JacobAllen's Rating of The Possession

Jacob's Review of The Possession

5 years ago via Rotten Tomatoes
The Possession

The Possession(2012)

Behold! The monthly horror movie based upon some individual's unfortunate encounter with a body-starved demon; this specter of unoriginal bile has plagued the industry for several years now. But, what's that? This one doesn't suck? Allow me to explain...

When I first gained knowledge of "The Possession" being an actual movie that'd soon find it's way in my local theater, all I could do was sigh in disbelief. This particular genre has been far-going and disappointing in all it's efforts to woo audiences. It was when I noticed that Sam Raimi was involved, that a beacon of hope appeared.

Sam Raimi is easily most famous for "The Evil Dead" trilogy, however his 2009 release, "Drag Me to Hell", was regarded by some to be one of the best horror movies of recent times, myself being one of those people. So, instantly, I knew this movie had potential.

A month after release, and likely in it's last week of screenings, I finally managed to catch this film with a friend. We unfortunately had missed the first few minutes of it, but got into the theater right as they introducing who would be the main characters.

Without spoiling, I will say that her and I felt a range of emotions throughout the film; we laughed, we turned our heads away in disgust, we jumped in our seats, we sympathized with struggles. We left the theater feeling very satisfied, addressing complaints, but overall agreeing that it was a great movie.

Lets be honest -- Is this movie terrifying? Not at all, unless the fact that the dybbuk box is a real object is a bit eerie to you. The movie has a few jump scares, and it plays on some primal fears that people may have, including broken glass and teeth (the two not combined, mind you). But overall, are you going to have nightmares about this film, or be reluctant to go to the bathroom late at night? It varies from person to person, but I'd say the general person wouldn't be frightened.

So, if the movie isn't that scary, why the high rating? Well, to be quite frank, it's hilarious! As I said, Sam Raimi is involved with this, and his brand of black humor certainly makes it's way into this movie.
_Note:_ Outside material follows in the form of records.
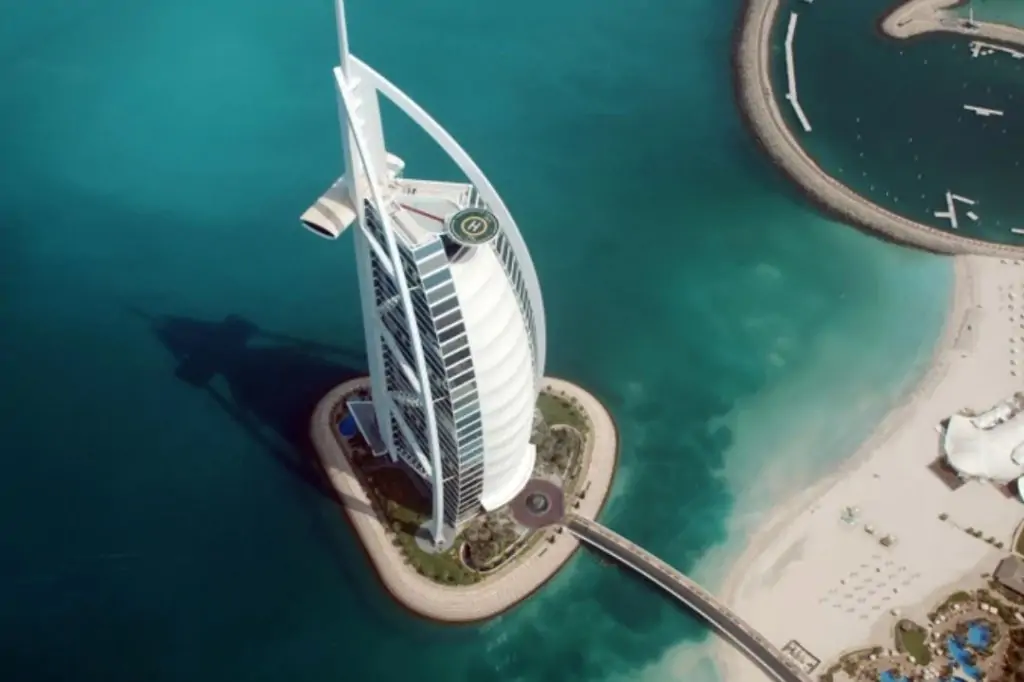 Индивидуальный полёт на вертолёте над Дубаем 17 минут (THE PALM TOUR)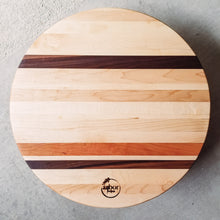 Load image into Gallery viewer, 20&quot; Round Cutting Board
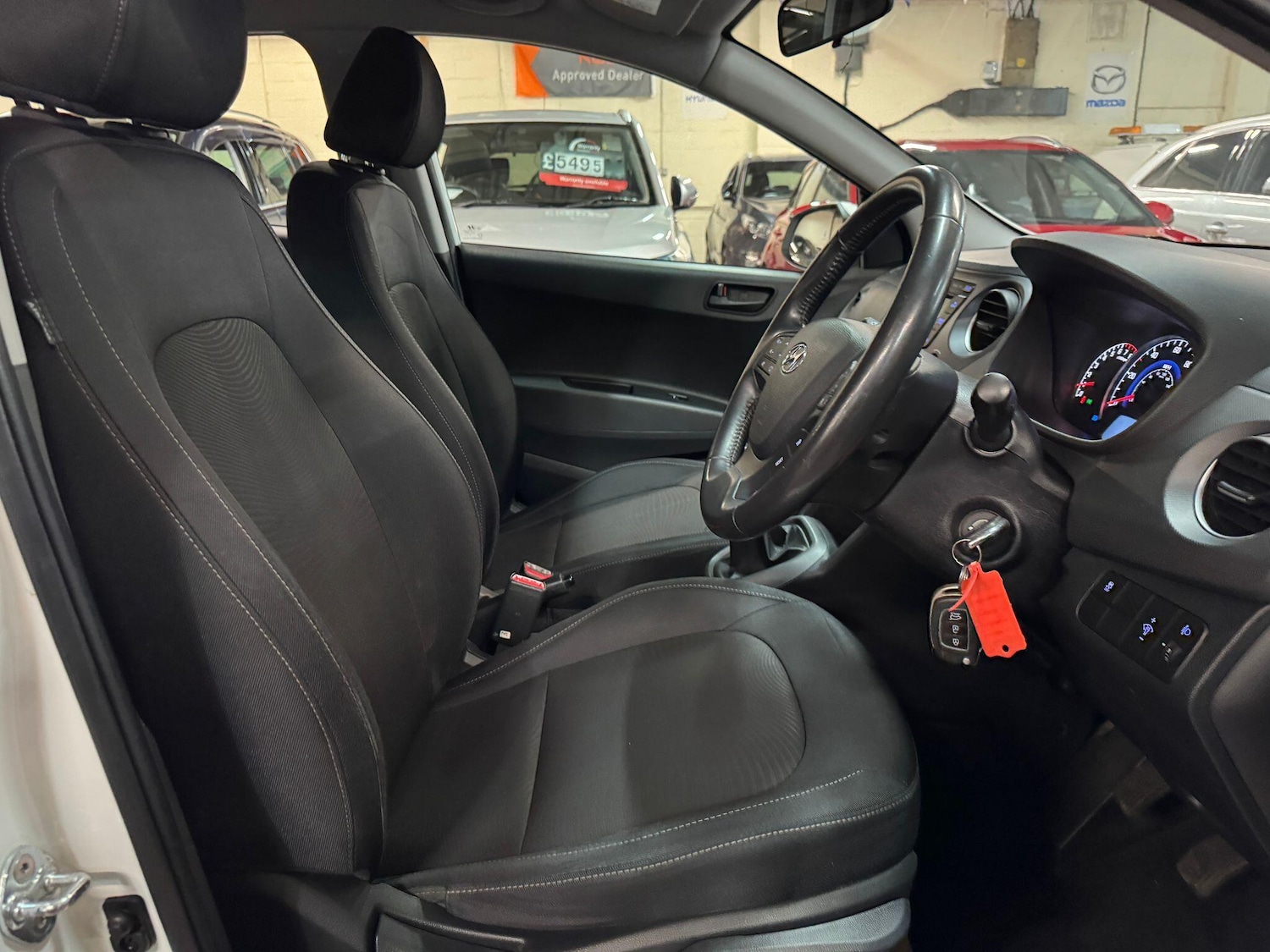 Used Hyundai i10 2018 for sale - 76866042: Photo 10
It's not strong, nor is it as apparent, but there are certain moments where you can't help but chuckle at what's occurring on the screen, simply because it's beyond the realm of what's "normal".

The cast is amazing and very refreshing; Both of the younger girls and Jeffrey Dean Morgan give great performances, and their characters truly grow on you. In regards to actors/actresses, the only complaint I have is Kyra Sedgwick. I've never been a fan of her, and this fan gives me no more reason to like her. Her performance is stiff and lacking in the same energy her co-stars presented. The very idea that her character would be involved with someone like Jeffrey's is a mystery greater than that of the Dybbuk Box itself.

One of my most favorite aspects of the film was cinematography; I can't really express how pleased I was with it all. A full day after seeing the movie, I still maintain images in my head of the house we're presented with early on in the movie; it's located in a residential development area, half-build houses surround the area, and wood chips cover much of the bare ground. It's an image that really sticks with you, and there are many like it. The lighting of the movie gives it a sense of gloom and doom, comparable to that of "The Ring". I honestly don't know what else I can say, other than it was just a really well-shot film, with perfect locations and perfect lighting.

So, in conclusion, "The Possession" isn't your standard possession film, ironically. Great performances, writing, direction, and cinematography have managed to create something truly differentiating from it's sub-genre. Does the film have it's qualms? Sure! Overabundant use of CGI and some of the actions of the characters certainly take away from this film, but overall, the entertainment it brings certainly outweighs any complaints you may have. I can only hope the blatant title of "The Possession" signifies the end-all, be-all of the possession genre for the next few years, unless of course, Sam Raimi wants to provide insight once more, whether it be director or producer, in which case, I eagerly await whatever is in store!